Myth of the JavaScript Refactor
It’s Christmas Eve, everyone around the office has gone home to be with their families, while you are struggling to finish up the pile of work that your boss has assigned you. You stare at the code having little to no idea as to what the heck the person before you was thinking when they write this code. You trace through one method call to the next learning as much as you can while trying to solve the problem so that you can go home to you family on time.
At last, you are finally able to debug the problem, so you whip up something together very. Finally, you found a solution to your problem and made it work. However, you realize though that in the last four hours, you made a complete mess of yourself. All those print statements and console logs and redundant comments, not to mention the hack you implemented which made the original code base even messier. So much for your New Year’s resolution for next year right?
The clock strikes 9, you haven’t eaten anything since lunch time, you are tired and you just want to go home. So you say, "F**k it, I’ll make a mental note of this and go back and clean the code up after I come back from New Year’s break. As long as it works now", a little mess can’t hurt right?
“At least I know that this code is "bad" and I am willing to go back to fix it. I’ll tidy this code up right after I’m back from break”. And that what they all say...
When have we ever said those exact words in your head? "I’ll clean this up later" or "I'll remember to tidy this up once I’m done". Let’s face it, when you are under pressure to do something, you just want to get it done and get it over with and never touch it again. When the next day comes, and your boss bombards you with another pile of work, you won’t have the time to refactor old code.

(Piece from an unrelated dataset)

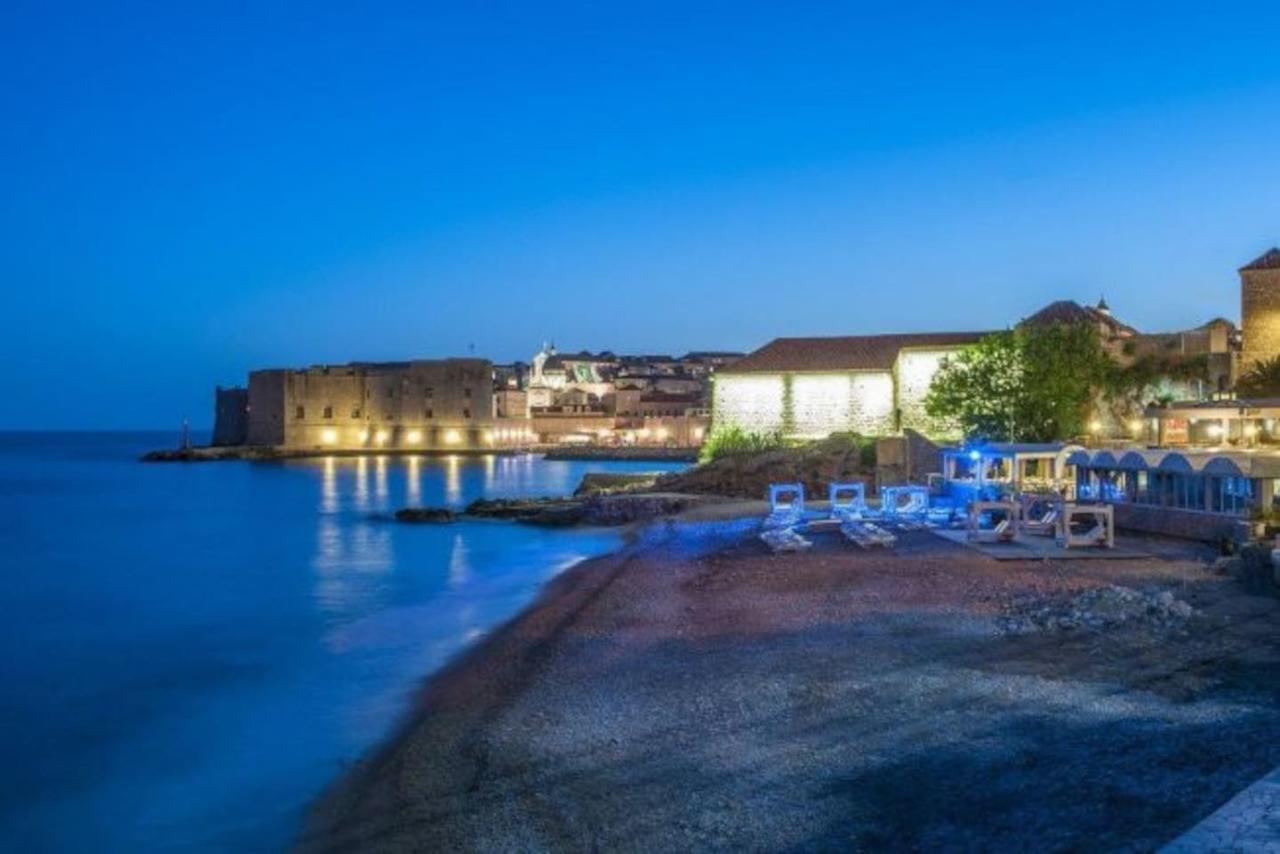 Dubrovnik Apartment Vista Mar 1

So when do we actually go back to "refactor" our code? The answer is almost never. Once the code is written and you’ve put off the refactoring to another time, the next time you see the code will be the next time your boss asks you to work on the same code base that you left off.

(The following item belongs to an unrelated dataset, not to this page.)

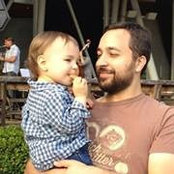 Jonathon's photo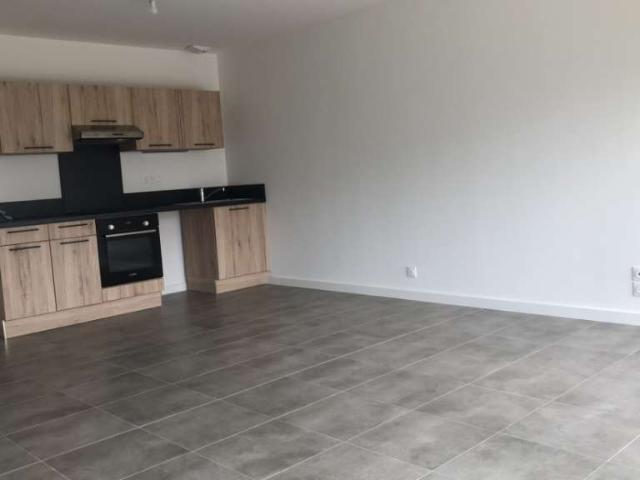 Location maison 5 pièces Le Rheu 35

Those of us who work a normal day job at a regular company all go through this cycle. Your boss gives you task, you complete the task, only to realize that you tampered through 10 different files with little bits of debugging code and quick hacks that going back to clean things up could possibly break the functionality you worked so hard to make work. So why break something if it’s already fixed? Let’s just keep this spaghetti code in there, I know how it works so it’s all good.
And you know what I always hear everyone easy? "This code is garbage", "How am I supposed to work in this huge pile of junk?"", "What was this person thinking when designing this?". The funny thing is that most people who say those things do just that. I complain all the time about the mess that the previous guy who worked on the code before me made, when in fact I start making a mess myself when working on the code. I don’t know about everyone else, but there’s always a little bit of guilt when it comes to me leaving code off to the side for refactoring, only to know that I would never touch it ever again.
In conclusion, Refactoring is hard. Some would say it’s even a myth. But kids, think about the next person in line that has to deal with your sh*t. No one’s harping over you to make your code look pretty, but make it easy for the next person in line so they can go home on time.